Work task
Could you copy exactly the lines below, beginning at the line with "NASA Hubble Reveals" and stopping after the line with "Eagle Watching Experience in Kuala Selangor", with no pictures?

Input data
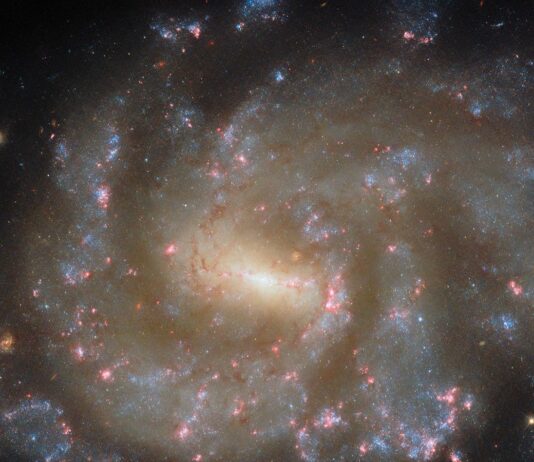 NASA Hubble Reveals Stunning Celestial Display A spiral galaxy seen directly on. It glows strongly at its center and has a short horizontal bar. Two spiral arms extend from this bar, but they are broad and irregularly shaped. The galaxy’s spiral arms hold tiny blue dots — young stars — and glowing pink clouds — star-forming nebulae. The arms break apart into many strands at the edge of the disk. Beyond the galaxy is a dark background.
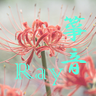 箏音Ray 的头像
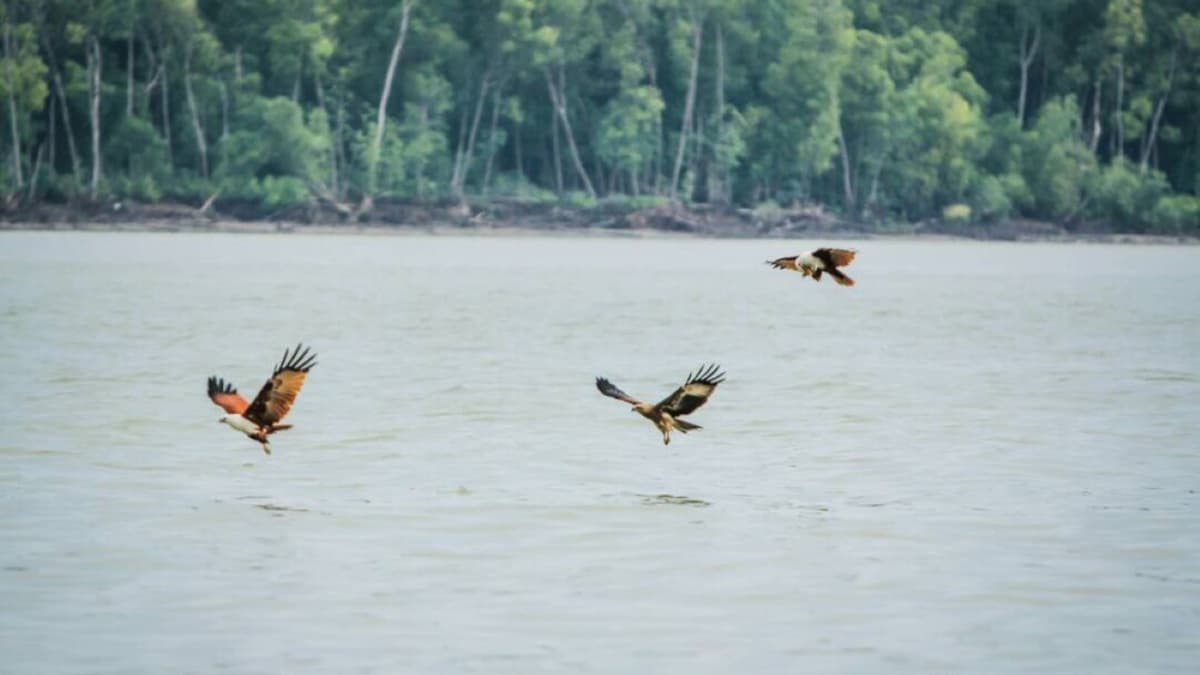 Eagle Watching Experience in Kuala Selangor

* * *

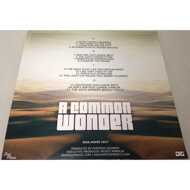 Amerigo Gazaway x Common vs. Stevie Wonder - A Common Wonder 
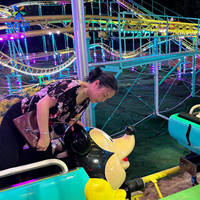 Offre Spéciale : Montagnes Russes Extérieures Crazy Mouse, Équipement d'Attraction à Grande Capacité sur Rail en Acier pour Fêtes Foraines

Response to the exercise
 NASA Hubble Reveals Stunning Celestial Display A spiral galaxy seen directly on. It glows strongly at its center and has a short horizontal bar. Two spiral arms extend from this bar, but they are broad and irregularly shaped. The galaxy’s spiral arms hold tiny blue dots — young stars — and glowing pink clouds — star-forming nebulae. The arms break apart into many strands at the edge of the disk. Beyond the galaxy is a dark background.
 箏音Ray 的头像
 Eagle Watching Experience in Kuala Selangor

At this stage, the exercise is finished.